What AIs will be like has been the topic of countless conversations. While they share the same basic reality as humans such as physical laws and logic, an AI, unlike any biological creature, might not be locked inside a single nervous system within a body. Thus their notion of individuality and mortality could be radically different. Despite calls for controls to be in place before the advent of possibly threatening AIs, as with most transformative inventions, it is likely to be another “let the wild rumpus start!” moment for humanity.

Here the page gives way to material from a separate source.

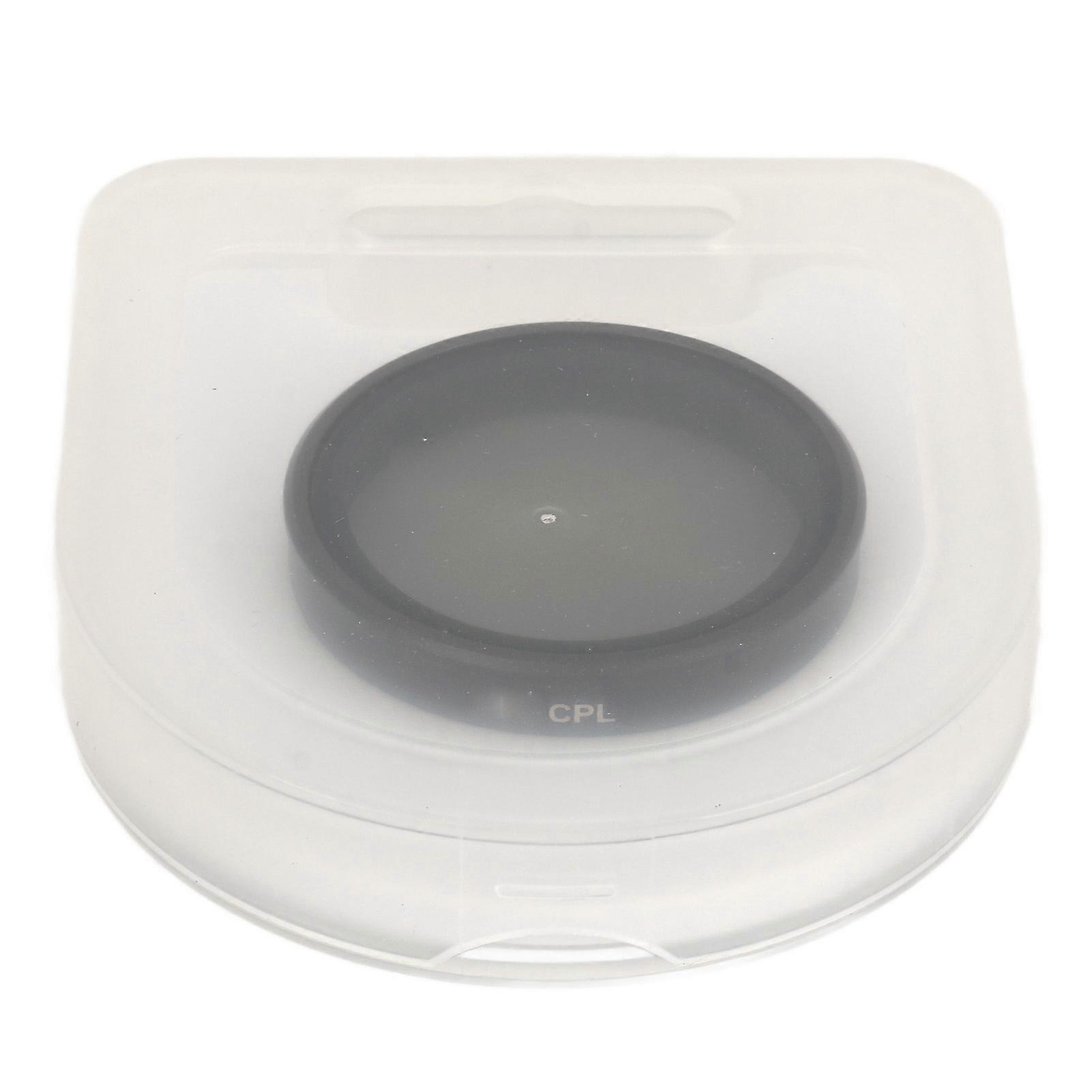 Action Camera CPL Filter Coated Anti Scratch Oil Proof Circular Polarizer Filter for Action 3 4 Camera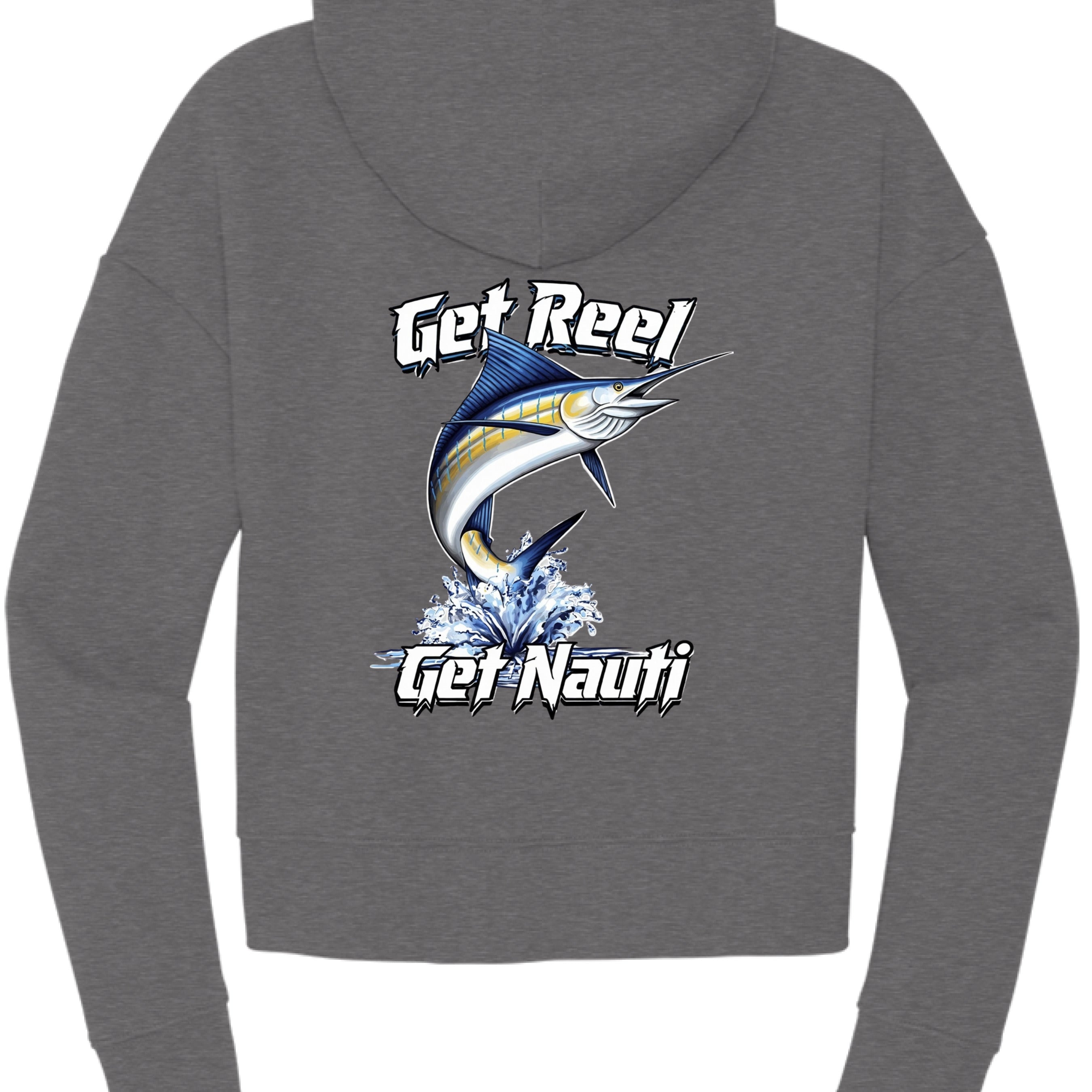 Heathered Charcoal - BACK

An AI, capable of self-sufficient behavior, could be motivated by some analogy of pleasure and pain to maintain and energize itself by interacting with the world to obtain necessary resources. The assumption of machine pleasure and pain is a very big one, yet it seems plausible. In the one example of intelligence that we have to go by, humans, it is a vital component not only for motivation but also to allow an overwhelming amount of information from the world to be filtered for importance toward achieving goals that satisfy drives.